**EXERCISE REQUIREMENTS**
In the records below, which lines include "Fleece"? Copy them.

Data entries:

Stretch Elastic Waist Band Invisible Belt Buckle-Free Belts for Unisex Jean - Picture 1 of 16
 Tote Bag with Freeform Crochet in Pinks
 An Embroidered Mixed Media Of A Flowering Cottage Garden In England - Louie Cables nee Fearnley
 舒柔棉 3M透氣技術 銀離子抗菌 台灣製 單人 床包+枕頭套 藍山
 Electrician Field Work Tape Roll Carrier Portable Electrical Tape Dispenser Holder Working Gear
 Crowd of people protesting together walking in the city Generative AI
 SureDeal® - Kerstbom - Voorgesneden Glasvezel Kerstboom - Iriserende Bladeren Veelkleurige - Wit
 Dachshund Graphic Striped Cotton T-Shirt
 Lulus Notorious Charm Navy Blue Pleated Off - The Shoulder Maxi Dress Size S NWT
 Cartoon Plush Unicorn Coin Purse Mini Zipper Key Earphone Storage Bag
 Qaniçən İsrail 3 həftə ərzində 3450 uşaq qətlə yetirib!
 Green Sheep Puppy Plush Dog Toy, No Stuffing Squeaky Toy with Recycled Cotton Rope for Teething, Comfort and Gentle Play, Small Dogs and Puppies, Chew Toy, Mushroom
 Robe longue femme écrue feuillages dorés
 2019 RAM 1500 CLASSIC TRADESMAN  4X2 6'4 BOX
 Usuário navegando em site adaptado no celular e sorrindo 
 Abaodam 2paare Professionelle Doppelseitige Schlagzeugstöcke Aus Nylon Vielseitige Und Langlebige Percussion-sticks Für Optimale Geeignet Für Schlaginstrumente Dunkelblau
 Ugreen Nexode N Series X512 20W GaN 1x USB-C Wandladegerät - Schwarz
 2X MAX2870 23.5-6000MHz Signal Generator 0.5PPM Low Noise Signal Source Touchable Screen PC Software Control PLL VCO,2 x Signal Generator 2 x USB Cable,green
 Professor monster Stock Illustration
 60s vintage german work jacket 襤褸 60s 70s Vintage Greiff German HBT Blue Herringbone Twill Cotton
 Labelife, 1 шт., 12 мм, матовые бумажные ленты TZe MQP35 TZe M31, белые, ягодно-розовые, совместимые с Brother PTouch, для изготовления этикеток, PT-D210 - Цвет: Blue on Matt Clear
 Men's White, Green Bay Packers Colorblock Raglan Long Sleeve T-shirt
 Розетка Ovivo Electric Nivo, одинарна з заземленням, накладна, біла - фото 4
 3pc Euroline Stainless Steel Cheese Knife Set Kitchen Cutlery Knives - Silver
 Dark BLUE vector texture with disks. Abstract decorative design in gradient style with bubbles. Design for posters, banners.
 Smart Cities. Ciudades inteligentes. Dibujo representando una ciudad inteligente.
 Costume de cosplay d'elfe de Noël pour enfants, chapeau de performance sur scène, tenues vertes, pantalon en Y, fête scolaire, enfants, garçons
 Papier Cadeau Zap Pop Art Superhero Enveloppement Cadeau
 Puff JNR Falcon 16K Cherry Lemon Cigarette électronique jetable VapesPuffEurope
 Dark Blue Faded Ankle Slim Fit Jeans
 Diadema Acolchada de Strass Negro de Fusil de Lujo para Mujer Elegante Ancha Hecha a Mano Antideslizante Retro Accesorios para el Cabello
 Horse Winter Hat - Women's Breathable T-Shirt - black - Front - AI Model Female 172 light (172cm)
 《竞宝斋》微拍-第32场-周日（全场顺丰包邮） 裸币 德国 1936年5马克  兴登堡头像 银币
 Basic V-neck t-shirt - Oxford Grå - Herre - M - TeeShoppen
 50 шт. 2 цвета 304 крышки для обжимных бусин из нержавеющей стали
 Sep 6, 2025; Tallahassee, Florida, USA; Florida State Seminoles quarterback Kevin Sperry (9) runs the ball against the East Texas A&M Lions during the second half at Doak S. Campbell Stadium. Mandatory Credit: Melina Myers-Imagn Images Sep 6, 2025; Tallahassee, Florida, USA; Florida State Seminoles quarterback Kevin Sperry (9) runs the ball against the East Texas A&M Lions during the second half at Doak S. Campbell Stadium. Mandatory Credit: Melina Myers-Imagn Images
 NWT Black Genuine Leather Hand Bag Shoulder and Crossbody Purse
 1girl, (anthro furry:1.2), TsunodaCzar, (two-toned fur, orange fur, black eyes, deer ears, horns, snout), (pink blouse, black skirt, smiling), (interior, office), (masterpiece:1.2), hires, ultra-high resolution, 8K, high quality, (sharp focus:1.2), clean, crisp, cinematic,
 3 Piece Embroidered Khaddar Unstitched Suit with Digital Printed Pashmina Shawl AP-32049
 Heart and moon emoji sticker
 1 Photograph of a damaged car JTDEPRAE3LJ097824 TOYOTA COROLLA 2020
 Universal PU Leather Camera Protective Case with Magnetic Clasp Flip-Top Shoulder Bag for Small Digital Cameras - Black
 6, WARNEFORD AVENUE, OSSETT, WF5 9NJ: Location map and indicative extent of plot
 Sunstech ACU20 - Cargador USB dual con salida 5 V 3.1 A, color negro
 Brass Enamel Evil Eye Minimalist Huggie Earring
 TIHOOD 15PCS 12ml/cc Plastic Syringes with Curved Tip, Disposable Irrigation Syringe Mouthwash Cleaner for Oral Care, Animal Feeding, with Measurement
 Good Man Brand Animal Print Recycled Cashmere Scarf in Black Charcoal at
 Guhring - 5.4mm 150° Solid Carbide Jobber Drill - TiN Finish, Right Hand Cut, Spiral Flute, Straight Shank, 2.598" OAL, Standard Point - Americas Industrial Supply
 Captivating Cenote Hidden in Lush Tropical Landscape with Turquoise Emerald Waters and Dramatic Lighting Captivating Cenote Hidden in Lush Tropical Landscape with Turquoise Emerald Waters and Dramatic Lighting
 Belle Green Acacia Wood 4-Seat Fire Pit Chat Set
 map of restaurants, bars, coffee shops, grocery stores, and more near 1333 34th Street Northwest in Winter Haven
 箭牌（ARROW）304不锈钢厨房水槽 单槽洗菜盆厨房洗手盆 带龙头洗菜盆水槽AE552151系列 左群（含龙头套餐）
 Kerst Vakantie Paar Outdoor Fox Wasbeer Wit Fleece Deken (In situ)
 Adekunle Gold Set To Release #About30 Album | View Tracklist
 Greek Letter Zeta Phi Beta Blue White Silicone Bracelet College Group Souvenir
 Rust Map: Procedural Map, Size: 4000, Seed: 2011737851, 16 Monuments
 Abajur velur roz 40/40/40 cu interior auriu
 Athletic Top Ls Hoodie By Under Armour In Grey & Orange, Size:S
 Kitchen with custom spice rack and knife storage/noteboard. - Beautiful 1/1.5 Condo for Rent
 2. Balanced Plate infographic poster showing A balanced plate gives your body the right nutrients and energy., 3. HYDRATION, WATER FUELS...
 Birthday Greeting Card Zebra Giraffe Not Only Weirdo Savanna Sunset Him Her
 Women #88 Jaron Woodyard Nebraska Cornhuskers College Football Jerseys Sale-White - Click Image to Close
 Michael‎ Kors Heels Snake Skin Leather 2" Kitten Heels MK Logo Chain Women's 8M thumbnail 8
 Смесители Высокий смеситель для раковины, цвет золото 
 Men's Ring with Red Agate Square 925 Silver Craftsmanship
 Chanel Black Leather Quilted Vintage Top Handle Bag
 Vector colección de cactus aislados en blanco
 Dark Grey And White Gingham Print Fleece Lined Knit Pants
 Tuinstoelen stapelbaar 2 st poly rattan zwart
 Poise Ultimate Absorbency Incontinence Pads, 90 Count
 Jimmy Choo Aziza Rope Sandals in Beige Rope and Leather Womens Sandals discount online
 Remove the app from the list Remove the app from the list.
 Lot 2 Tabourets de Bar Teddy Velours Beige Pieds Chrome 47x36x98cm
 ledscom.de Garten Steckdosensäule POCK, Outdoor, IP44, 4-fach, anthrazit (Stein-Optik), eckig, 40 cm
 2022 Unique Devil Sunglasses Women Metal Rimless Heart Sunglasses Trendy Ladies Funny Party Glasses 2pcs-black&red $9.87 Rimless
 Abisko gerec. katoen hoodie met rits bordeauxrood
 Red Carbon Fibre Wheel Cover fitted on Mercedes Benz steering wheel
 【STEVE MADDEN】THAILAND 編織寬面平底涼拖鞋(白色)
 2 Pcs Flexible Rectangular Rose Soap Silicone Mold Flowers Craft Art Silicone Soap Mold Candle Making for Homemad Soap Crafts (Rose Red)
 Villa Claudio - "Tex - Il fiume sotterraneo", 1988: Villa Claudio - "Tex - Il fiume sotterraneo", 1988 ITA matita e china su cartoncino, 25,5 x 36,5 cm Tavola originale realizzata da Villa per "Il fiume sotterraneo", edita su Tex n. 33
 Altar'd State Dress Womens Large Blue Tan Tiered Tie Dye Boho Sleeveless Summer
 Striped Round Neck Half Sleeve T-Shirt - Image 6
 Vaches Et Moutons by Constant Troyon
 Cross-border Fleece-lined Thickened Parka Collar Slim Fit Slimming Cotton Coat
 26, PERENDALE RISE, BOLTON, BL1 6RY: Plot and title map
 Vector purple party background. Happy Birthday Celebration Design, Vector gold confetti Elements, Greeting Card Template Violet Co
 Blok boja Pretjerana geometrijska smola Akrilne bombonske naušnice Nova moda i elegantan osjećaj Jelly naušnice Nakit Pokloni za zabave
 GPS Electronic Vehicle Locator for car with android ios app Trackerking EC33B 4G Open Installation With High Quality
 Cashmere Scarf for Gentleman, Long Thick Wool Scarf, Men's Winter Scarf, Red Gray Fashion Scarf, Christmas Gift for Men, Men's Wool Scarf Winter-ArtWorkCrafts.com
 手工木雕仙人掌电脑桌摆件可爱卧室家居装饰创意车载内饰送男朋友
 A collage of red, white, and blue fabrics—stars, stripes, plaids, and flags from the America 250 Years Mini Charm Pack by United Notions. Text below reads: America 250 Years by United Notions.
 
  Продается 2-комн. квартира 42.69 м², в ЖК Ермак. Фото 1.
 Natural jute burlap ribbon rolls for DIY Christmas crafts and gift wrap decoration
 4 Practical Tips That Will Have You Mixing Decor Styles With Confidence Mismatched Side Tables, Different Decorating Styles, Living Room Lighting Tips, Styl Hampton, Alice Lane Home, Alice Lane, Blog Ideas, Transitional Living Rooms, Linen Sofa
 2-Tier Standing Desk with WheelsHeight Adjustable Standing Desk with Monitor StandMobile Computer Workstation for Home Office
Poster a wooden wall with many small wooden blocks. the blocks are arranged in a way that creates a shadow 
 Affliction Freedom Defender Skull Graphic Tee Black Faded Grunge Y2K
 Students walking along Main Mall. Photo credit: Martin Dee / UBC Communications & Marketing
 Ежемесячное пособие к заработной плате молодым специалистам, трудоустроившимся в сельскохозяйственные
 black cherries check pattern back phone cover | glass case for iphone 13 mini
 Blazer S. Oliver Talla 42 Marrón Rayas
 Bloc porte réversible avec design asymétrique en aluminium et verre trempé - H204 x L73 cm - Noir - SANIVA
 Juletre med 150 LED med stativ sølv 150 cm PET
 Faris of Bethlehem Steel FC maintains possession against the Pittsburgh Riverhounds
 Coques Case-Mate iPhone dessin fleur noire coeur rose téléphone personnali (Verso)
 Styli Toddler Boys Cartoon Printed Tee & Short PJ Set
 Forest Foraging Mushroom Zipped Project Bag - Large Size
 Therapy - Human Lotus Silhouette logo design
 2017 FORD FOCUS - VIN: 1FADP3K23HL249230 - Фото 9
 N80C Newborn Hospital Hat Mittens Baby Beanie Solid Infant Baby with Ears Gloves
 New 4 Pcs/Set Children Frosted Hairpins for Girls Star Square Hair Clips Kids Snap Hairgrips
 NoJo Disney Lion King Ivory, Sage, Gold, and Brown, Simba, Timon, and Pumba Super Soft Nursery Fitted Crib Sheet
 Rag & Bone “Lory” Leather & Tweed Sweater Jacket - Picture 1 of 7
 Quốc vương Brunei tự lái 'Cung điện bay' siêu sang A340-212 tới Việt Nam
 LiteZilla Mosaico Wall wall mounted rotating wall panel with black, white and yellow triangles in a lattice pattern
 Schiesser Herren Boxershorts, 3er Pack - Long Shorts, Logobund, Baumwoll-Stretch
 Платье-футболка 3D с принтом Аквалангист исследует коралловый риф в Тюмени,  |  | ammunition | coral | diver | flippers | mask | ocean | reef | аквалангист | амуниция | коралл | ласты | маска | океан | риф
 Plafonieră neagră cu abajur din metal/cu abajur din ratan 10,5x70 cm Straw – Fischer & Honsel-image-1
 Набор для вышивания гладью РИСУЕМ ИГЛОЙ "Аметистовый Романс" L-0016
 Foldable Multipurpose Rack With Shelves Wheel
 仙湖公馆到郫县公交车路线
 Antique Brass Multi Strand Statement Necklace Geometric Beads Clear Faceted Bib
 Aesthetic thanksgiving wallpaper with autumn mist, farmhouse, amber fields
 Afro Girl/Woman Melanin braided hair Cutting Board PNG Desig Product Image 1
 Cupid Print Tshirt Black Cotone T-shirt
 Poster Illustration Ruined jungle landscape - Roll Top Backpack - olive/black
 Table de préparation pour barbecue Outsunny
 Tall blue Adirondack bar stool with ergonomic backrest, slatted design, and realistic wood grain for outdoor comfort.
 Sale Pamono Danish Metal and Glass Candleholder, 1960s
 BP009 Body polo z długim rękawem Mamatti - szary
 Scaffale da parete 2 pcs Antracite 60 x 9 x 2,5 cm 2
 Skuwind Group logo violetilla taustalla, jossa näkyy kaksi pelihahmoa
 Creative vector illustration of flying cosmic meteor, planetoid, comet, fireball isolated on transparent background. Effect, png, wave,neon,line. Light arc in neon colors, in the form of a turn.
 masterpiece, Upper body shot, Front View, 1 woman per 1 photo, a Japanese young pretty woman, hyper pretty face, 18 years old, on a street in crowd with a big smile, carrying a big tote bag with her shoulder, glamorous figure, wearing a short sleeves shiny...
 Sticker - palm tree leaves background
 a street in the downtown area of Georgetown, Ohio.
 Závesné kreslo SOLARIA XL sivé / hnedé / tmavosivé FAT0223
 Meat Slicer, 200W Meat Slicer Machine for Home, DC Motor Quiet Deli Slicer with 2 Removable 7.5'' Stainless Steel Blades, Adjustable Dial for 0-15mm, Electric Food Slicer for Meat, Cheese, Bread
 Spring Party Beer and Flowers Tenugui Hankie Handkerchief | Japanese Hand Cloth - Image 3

**SOLUTION FOR THIS TASK**
 Kerst Vakantie Paar Outdoor Fox Wasbeer Wit Fleece Deken (In situ)
 Dark Grey And White Gingham Print Fleece Lined Knit Pants
 Cross-border Fleece-lined Thickened Parka Collar Slim Fit Slimming Cotton Coat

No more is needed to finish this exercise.